We can then calculate the probability that the reservoir will be over 75% full as:

\[\begin{equation*} Pr(X>0.75)=\int_{0.75}^{1} 3 (1-x)^2\,dx =-[(1-x)^3]_{0.75}^{1}=(1/4)^3=1/64 \end{equation*}\]

When looking at the cdf and pdf you can see that they are related. Where the pdf is high, here at low levels close 0, the cdf increases steeply. Where the pdf has low values, here close to 1, the cdf increases, but very slowly. This is not surprising as we now understand that the pdf is the derivative of the cdf.

A video workthrough for that example is available from here (YouTube, 11min).

Now we will move on to another example. The following Figure gives another simple example of how the cdf and pdf are related to each other. Here probability is distributed uniformly over a finite interval (in this case, it is the unit interval $[0,1])$. Such a distribution is therefore said to be uniform and

\[\begin{equation*} F(x) = \begin{cases} 0, & x <0\\ x, & 0 \leq x \le 1\\ 1, & x>1 \end{cases} \end{equation*}\]

\[\begin{equation*} f(x) = \begin{cases} 0, & x <0\\ 1, & 0 \leq x \le 1\\ 0, & x>1 \end{cases} \end{equation*}\]

For example,

$Pr(0.25<X \leq 0.5)=F(0.5)-F(0.25)=\frac{1}{2}-\frac{1}{4}=\frac{1}{4}$.

Alternatively, using the ,

$Pr(0.25<X \leq 0.5)= \int_{0.25}^{0.5} f(x)dx=0.25$.

Also note that the total area under $f(x)$, over the unit interval, is clearly equal to 1.

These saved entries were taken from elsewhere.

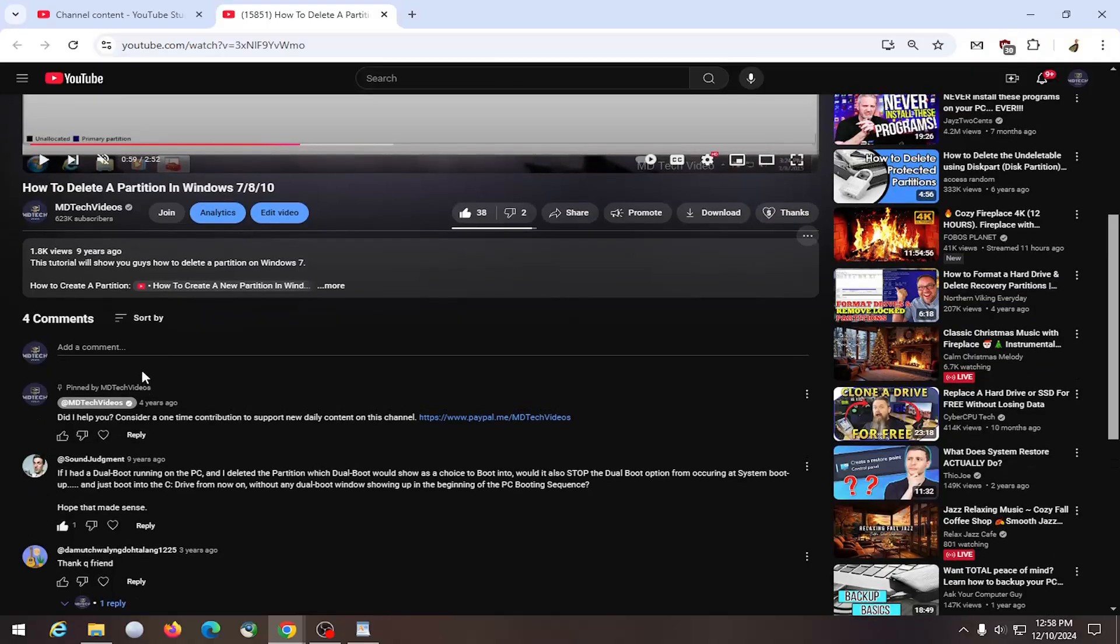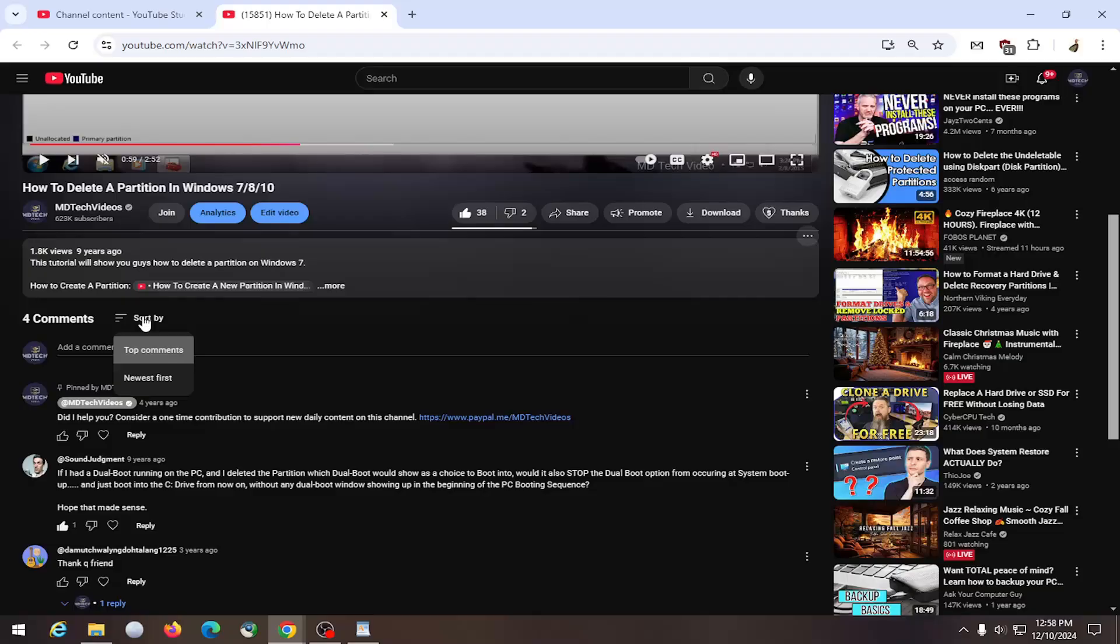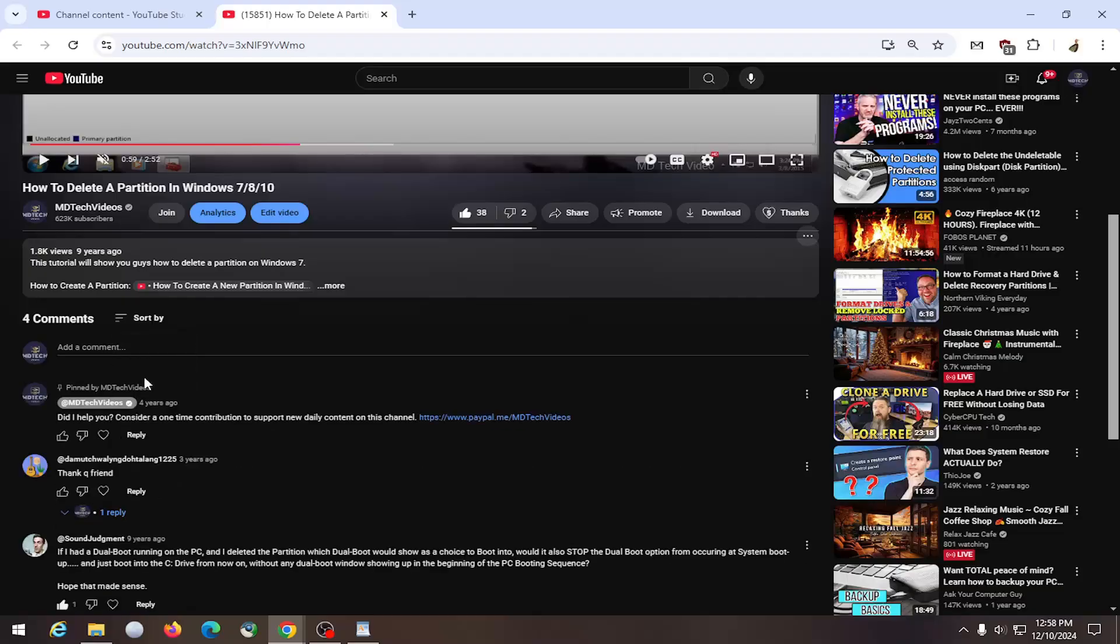So if you want to sort comments newest to oldest, go down to the comment section and select where it says sort by, left click on that and select where it says newest first. And that's all you have to do.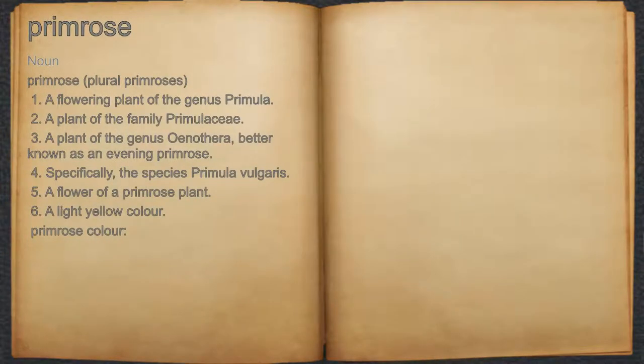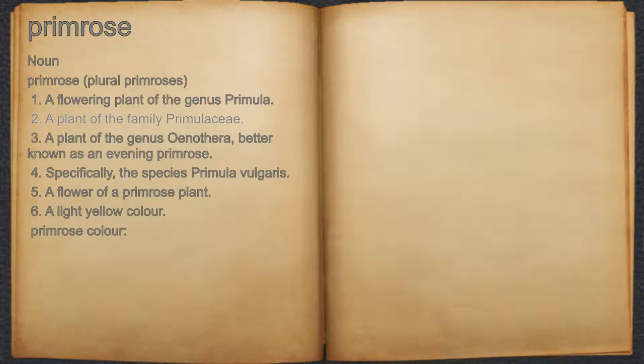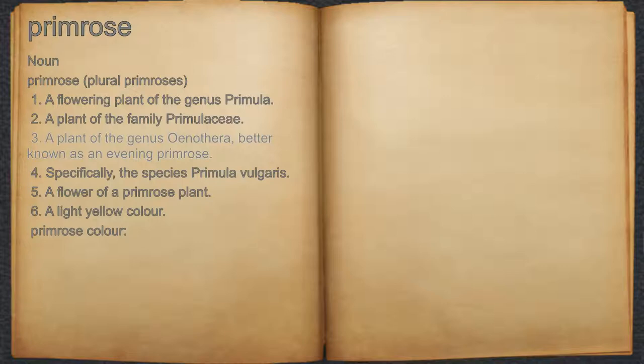Primrose. Noun. 1. A flowering plant of the genus Primula. 2. A plant of the family Primulaceae. 3. A plant of the genus Oenothera, better known as an evening primrose.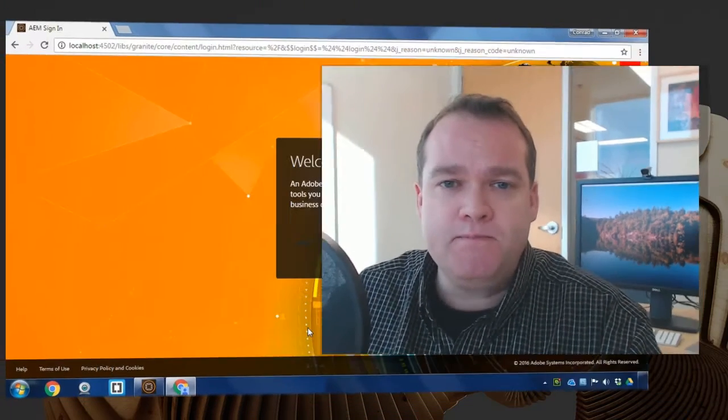My name is Alistair Lee. In this video, I'm going to walk through the process of integrating an adaptive form with the user profile to automatically pre-fill that form with the user's data.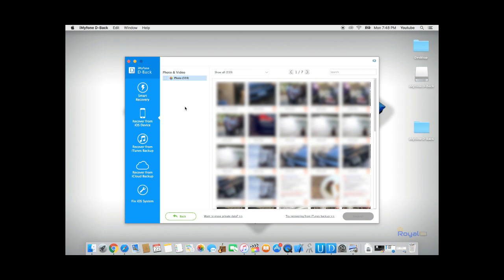You are able to select all pictures or select a specific one of them, and click Recover.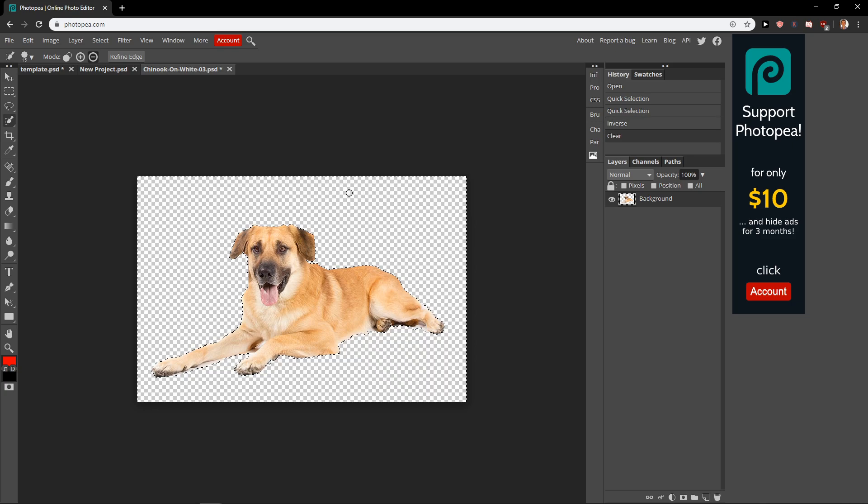This program is damn amazing for creating thumbnails, for creating graphic designs, for creating whatever you want in this life. This program is just crazy good and it's completely for free.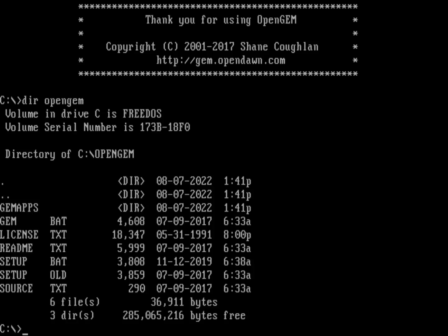What we want to do now is substitute a drive letter for the path, because that directory OpenGEM where things get installed is supposed to be moved up one directory and appear at the root. The solution is to substitute a drive letter, which we'll call O, to point to that C:\OPENGEM directory. You can do that with a FreeDOS command called SWSUBST.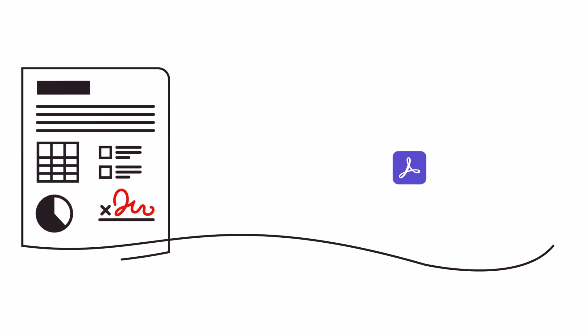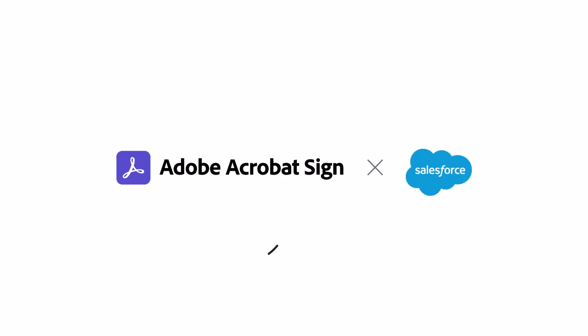Powered by Acrobat Sign. Do it all, all in one place. Get Document Builder on AppExchange today. Included with your Acrobat Sign subscription.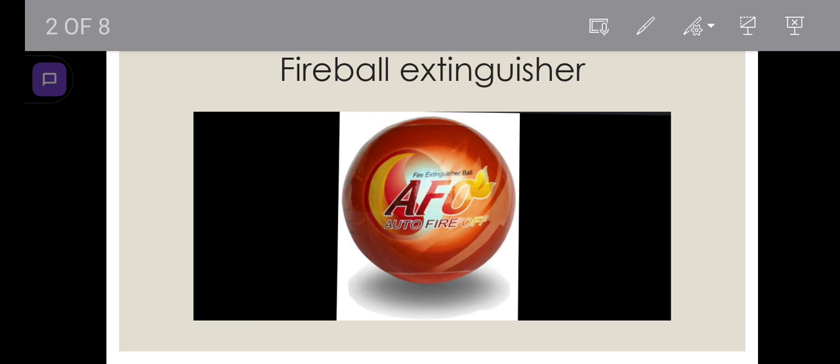This device has dry fire extinguishing powder. When you throw this device onto an ongoing fire, it will explode and extinguish the fire immediately.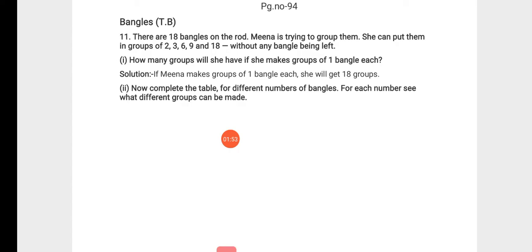Now the next question is: complete the table for different numbers of bangles. For each number, see what different groups can be made.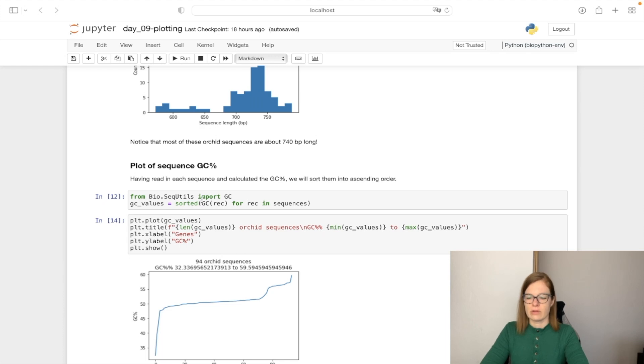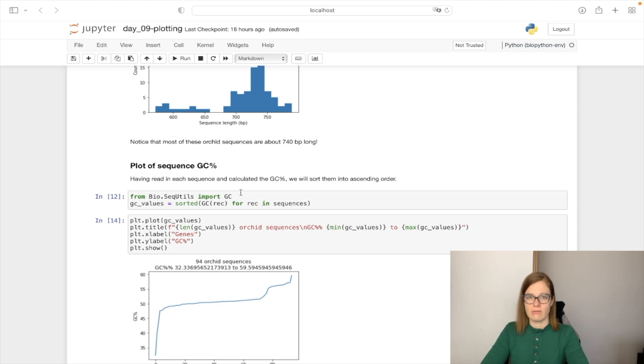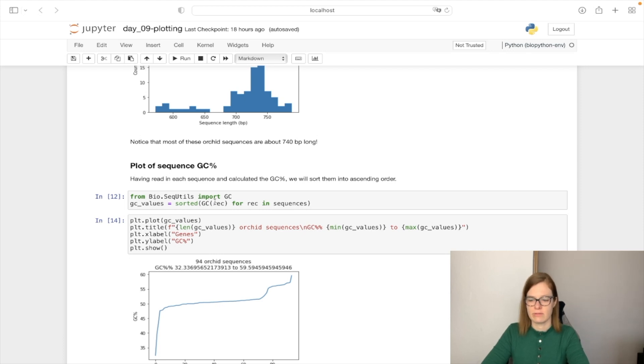So first what we need to do is import the GC functionality which will calculate our GC content. And similarly for the length of the sequences, we will loop through each of the sequence in sequences list and we will calculate the GC content of each of them.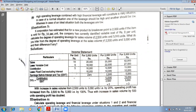First you have to make a column for particulars, then a per unit column, and then three amount columns — one for 2000 units, one for 2500 units, and one for 3000 units. Sales per unit is given as Rs.14. So 14 multiplied by 2000 is 28,000; 14 into 2500 is 35,000; and 14 into 3000 is 42,000.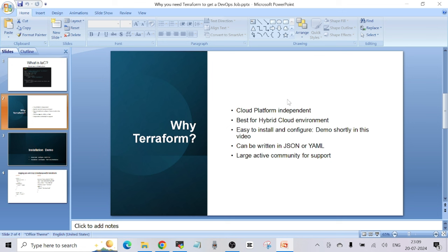Other tools that compete with Terraform include CloudFormation in AWS, which is primarily used to create resources only in AWS cloud. You do have some third-party integration, but it's not a very straightforward process. Similarly, tools in GCP and Azure are limited to their respective cloud platforms. But with Terraform, you can use this one tool to create resources in any of those clouds.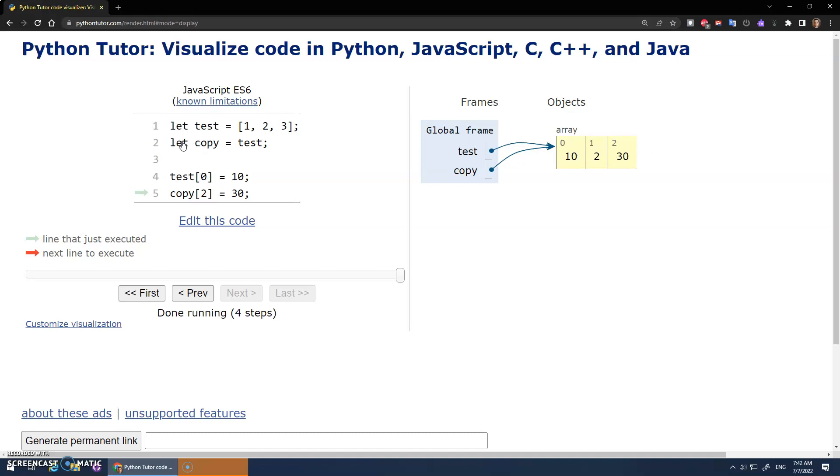So when I do copy is assigned test, what I'm actually making a copy of is the memory address. Test is a pointer to here. Well, copy is a copy of test. It also points to there.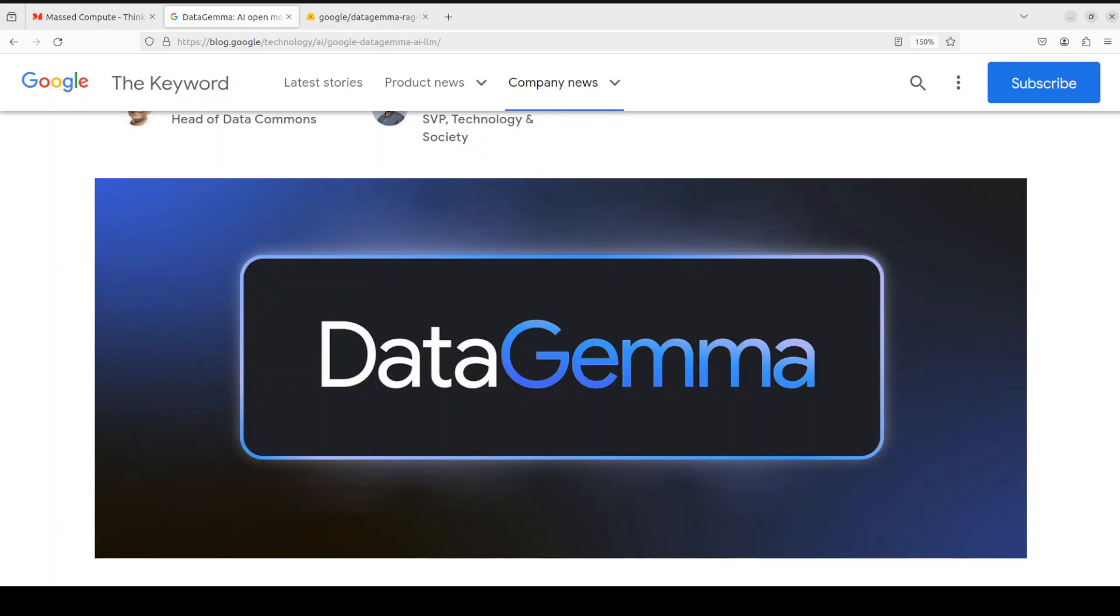Hello everyone and welcome to the channel. In this video I am going to introduce you to a new family of models from Google called DataGemma. DataGemma are the world's first open models designed to help address the challenges of hallucination by grounding large language models in vast real-world statistical data of Google's Data Commons.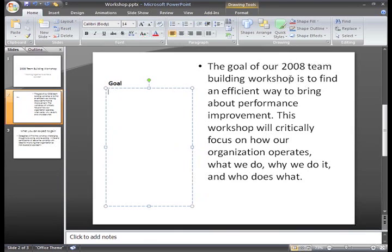If you want to delete more than one letter at a time, or format your text in various ways, you'll need to know how to select text. I decided I don't want a few of these words on the slide, so I'll just delete them.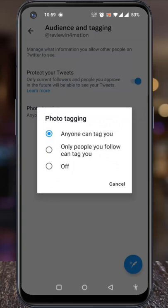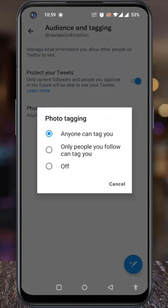By default, Twitter lets anyone tag you in their photo. If you want no one to be able to tag you, select Off. And if you want only the people you follow to be able to tag you, select the second option. From now on, strangers won't be able to tag you in their photo.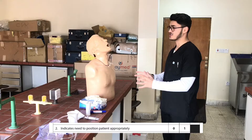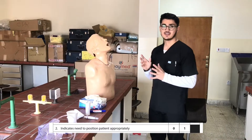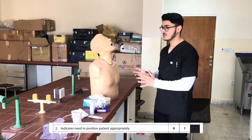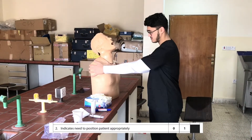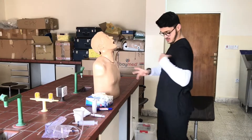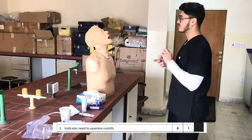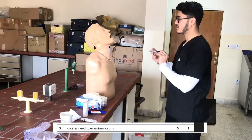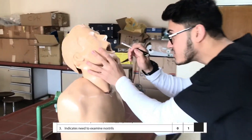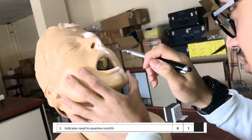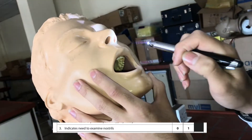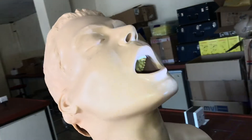After that, I get the patient into the proper position, which is the sitting upright position. Then I check the nostril to see if there's any deviation and decide which nostril is bigger and better for the intubation.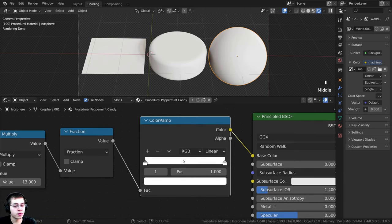So that is the procedural peppermint candy material. I hope you enjoyed this tutorial. If you'd like to help support me, you can purchase the procedural material on my Gumroad store and Patreon — links in the description. You can also check out my Blender procedural material packs or the procedural material playlist on YouTube. Thank you for watching, and I hope to see you in a future tutorial.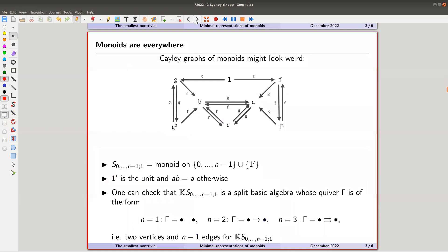I'd like to talk about some very specific monoids and their representations. I have a set from 1 to n−1, I adjoin a unit, and the multiplication in this monoid is a·b = a — so everything on the right is absorbed. In the special case n = 1 I just have two elements: zero and the unit. There's a zero element and a one element — that's the 'two-element monoid.'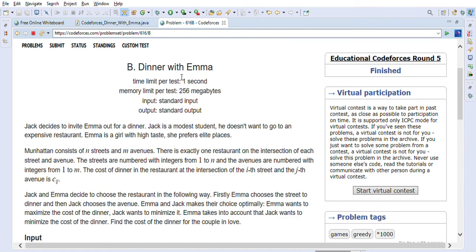The channel also covers how to find optimal paths with maximum or minimum cost, and how to find the number of paths from source to destination. There is also a Java Interview playlist with frequently asked Java telephonic interview questions from big tech companies like Amazon, Apple, Facebook, Microsoft, and Google. It covers initial-round Java interview questions and provides good practice material for interviews.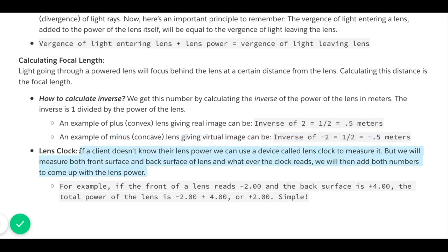Lens clock: if a client doesn't know their lens power, we can use a device called a lens clock to measure it. We measure both the front surface and back surface of the lens, then add both numbers to get the total lens power. For example, if the front of the lens reads negative two and the back reads positive four, the total power is negative two plus four, which equals two diopters.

From the two examples we looked at we can conclude that for relationship between cdf and pdf the following properties follow:

$f(x)\geq 0$.
$\int_{-\infty}^{\infty} f(x)dx=1$
$f(x)=dF(x)/dx$
$F(x)=\int_{-\infty}^{x} f(t)dt$
Probabilities can be calculated as: $Pr(a<X \leq b) = \int_{a}^{b} f(x)dx$ i.e., it is the area under the pdf which gives probability

10.2.4.1 Example

Let the random variable $T$ denote the time a person waits for an elevator to arrive. Suppose the longest one would need to wait for the elevator is 2 minutes, so that the possible values of $T$ (in minutes) are given by the interval [0,2] . A possible pdf for $T$ is given by

\[\begin{equation*} f(t) = \begin{cases} t, & 0 \leq t \le 1\\ 2-t, & 1 < t \le 2\\ 0, & otherwise \end{cases} \end{equation*}\]

This is what we call a piecewise definition of a pdf as the pdf is expressed in different functions for different intervals.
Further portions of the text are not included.